◆ What to work on ◆
The answer should hold only the lines from the beginning of the material through the one with "Rachel Zoe baby", reproduced exactly and without pictures.

-------

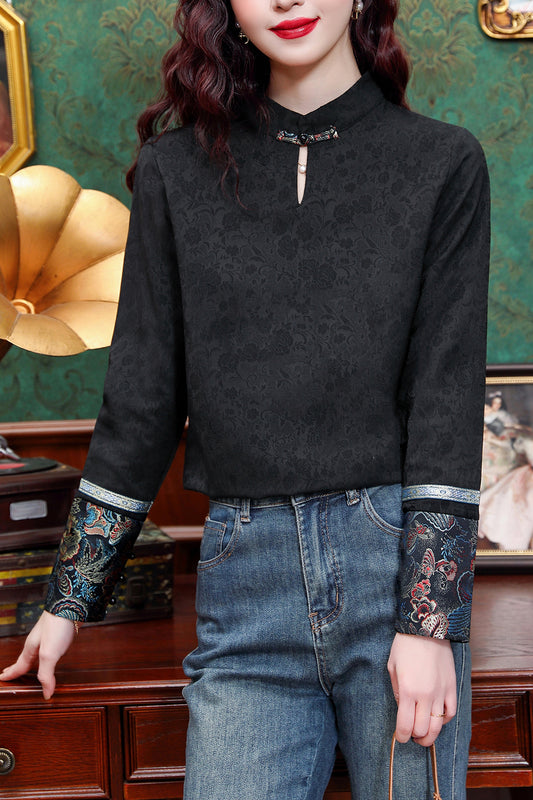 Women's Silk Satin Mandarin Collar Long Sleeve Blouse Top - LAI MENG FIVE CATS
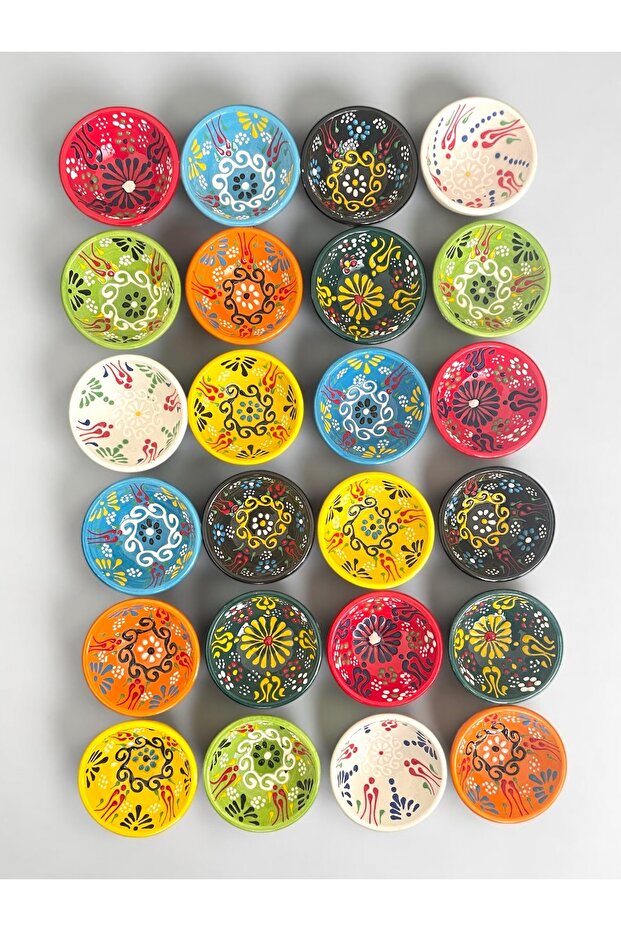 Decorative Tulip Flower Embroidered Ceramic Sauce Bowl - Snack Bowl - Breakfast Bowl 24 Pieces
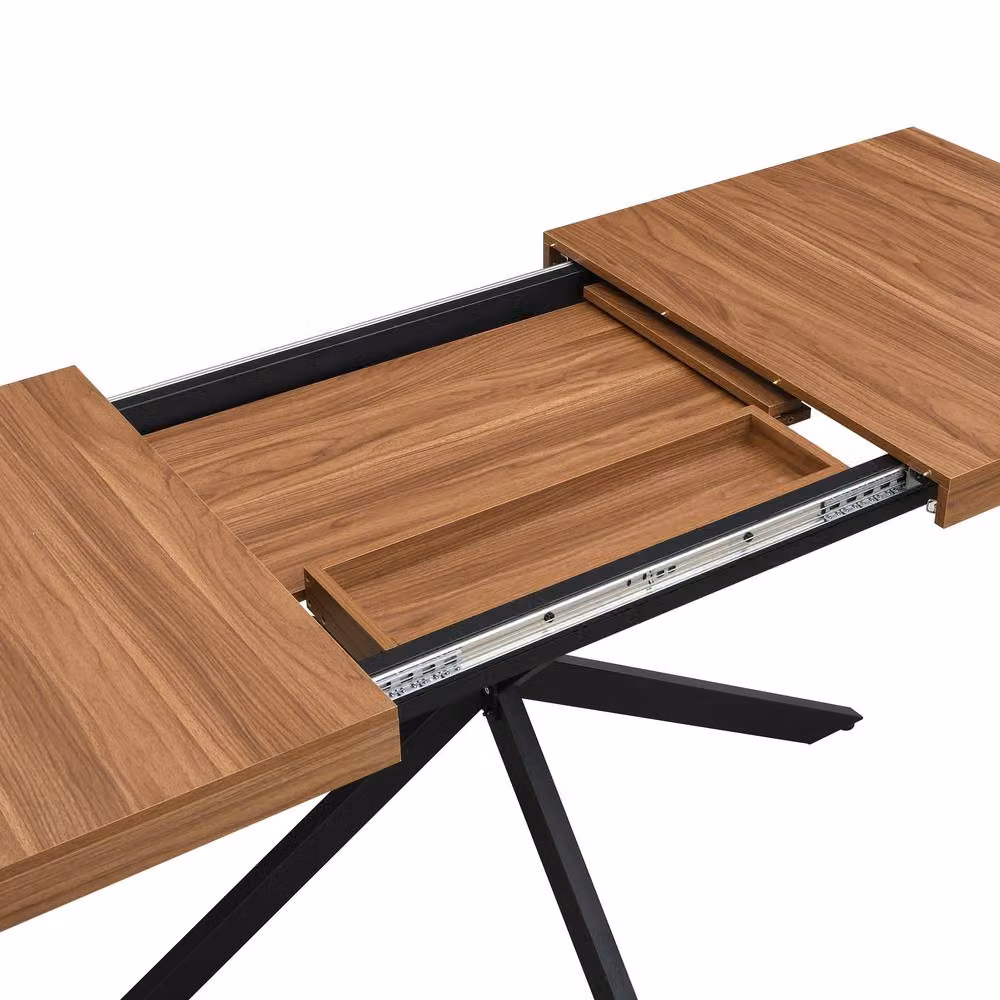 Mona Vale Furniture Industrial X-Frame Extendable Rectangular Dining Table in Walnut and Brown – 3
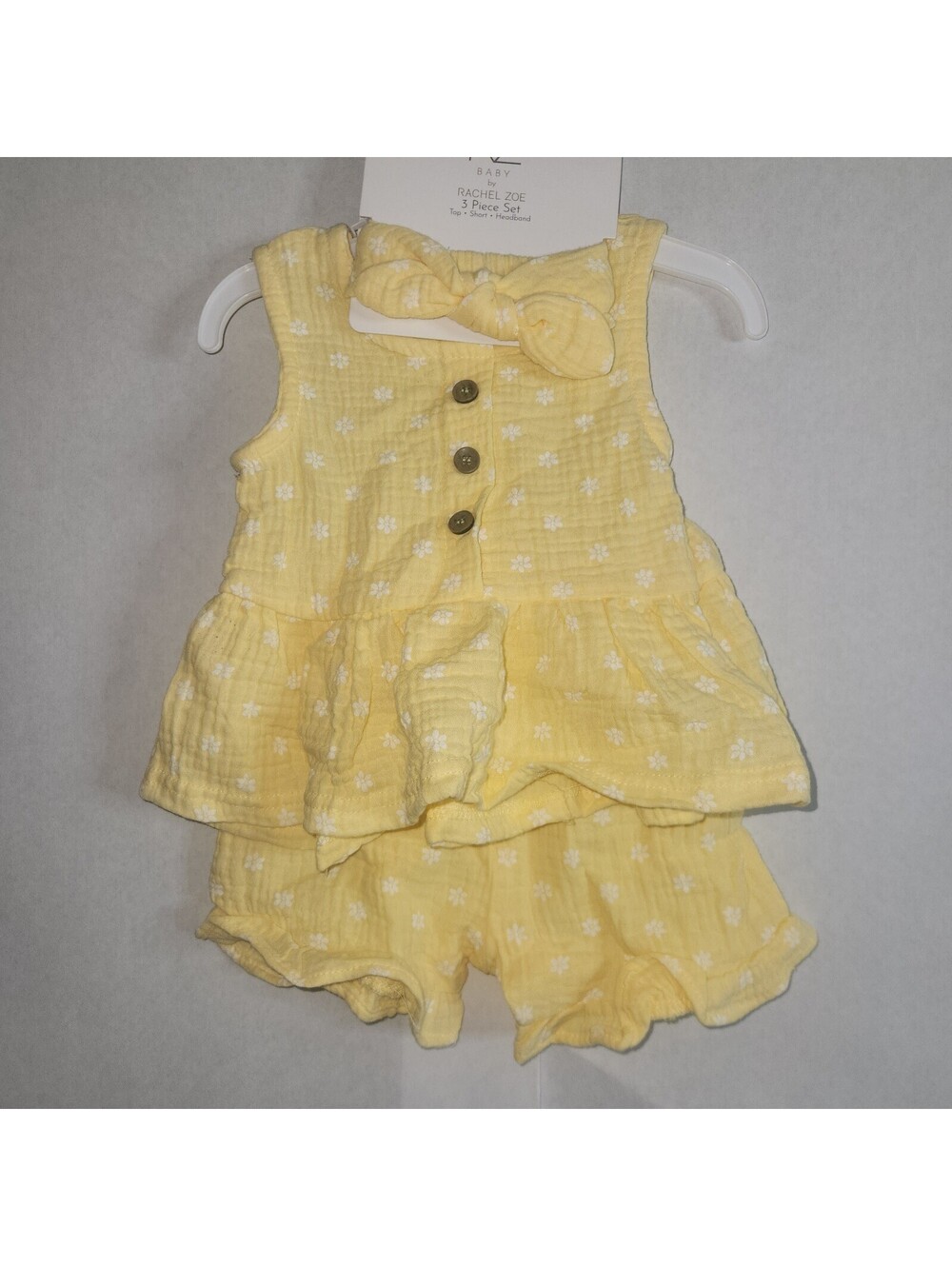 Rachel Zoe baby girls yellow 3 piece short set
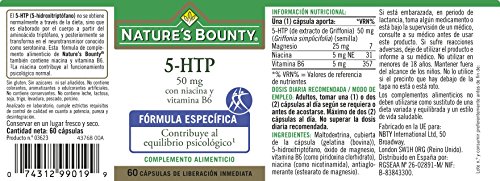 Nature's Bounty 5 Htp 50 Mg con Niacina y Vitamina B6-60 Cápsulas Nature's Bounty 5 Htp 50 Mg con Niacina y Vitamina B6-60 Cápsulas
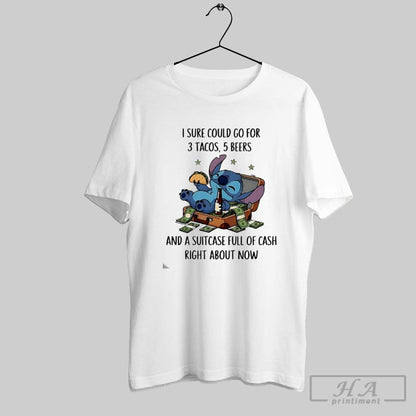 Stitch I Sure Could Go 3 Tacos 5 Beers And Suitcase Full Sweatshirt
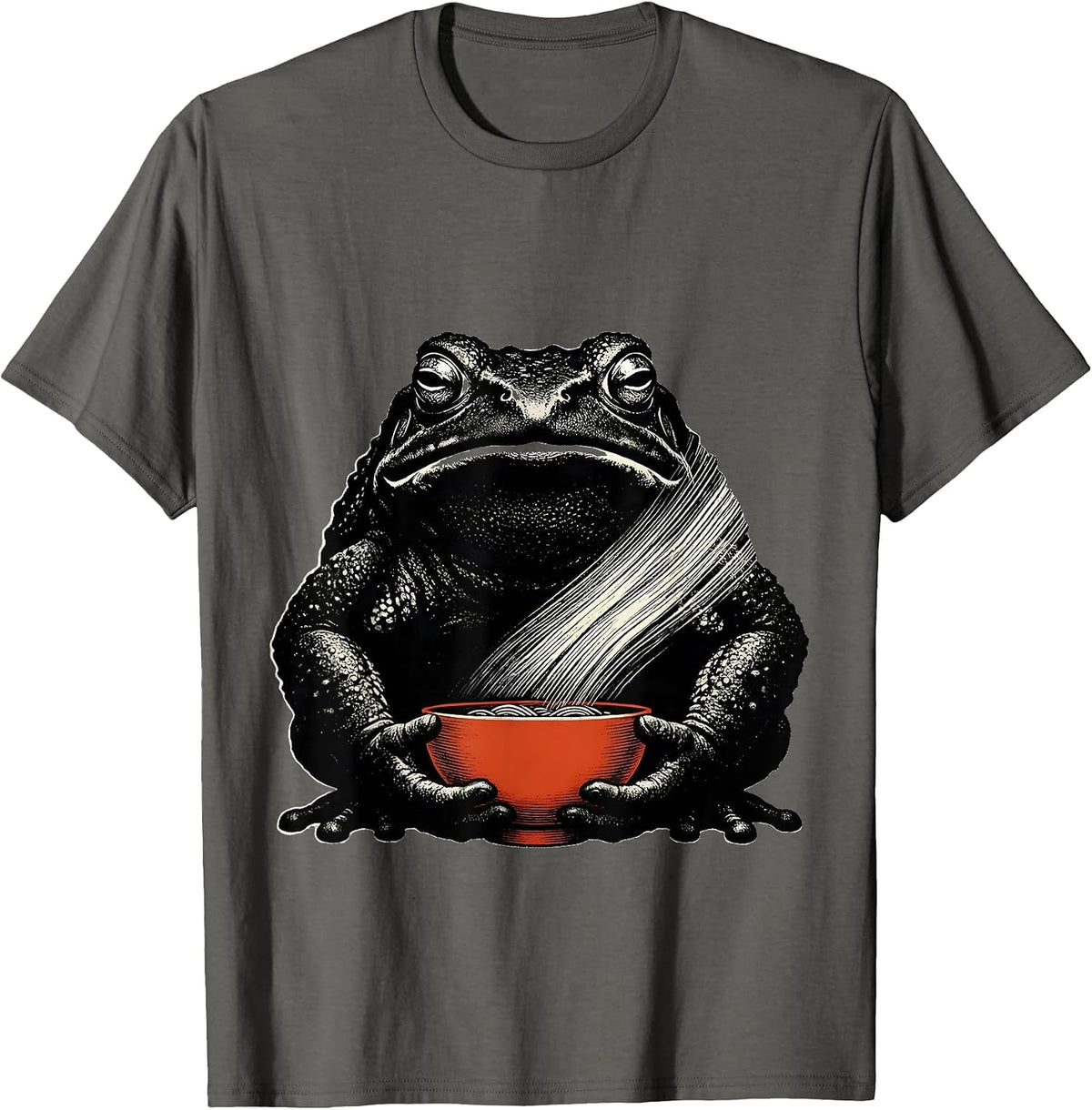 Grumpy Frog Ramen Bowl Scratchboard Ink-Art Humor T-Shirt - Asphalt Grey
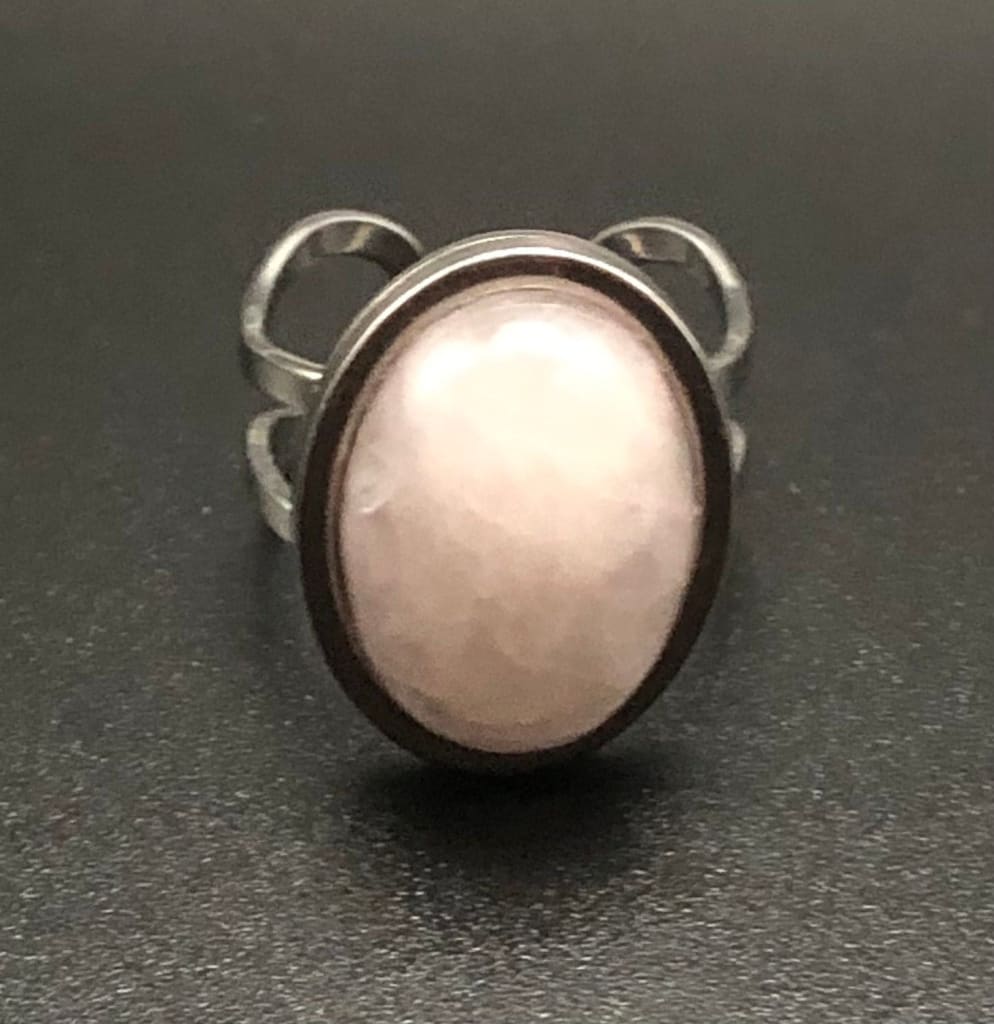Rose Quartz x Silver Adjustable Ring-Ring-DopeAlchemy-DopeAlchemy.com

-------

◆ Answer to the problem ◆
 Women's Silk Satin Mandarin Collar Long Sleeve Blouse Top - LAI MENG FIVE CATS
 Decorative Tulip Flower Embroidered Ceramic Sauce Bowl - Snack Bowl - Breakfast Bowl 24 Pieces
 Mona Vale Furniture Industrial X-Frame Extendable Rectangular Dining Table in Walnut and Brown – 3
 Rachel Zoe baby girls yellow 3 piece short set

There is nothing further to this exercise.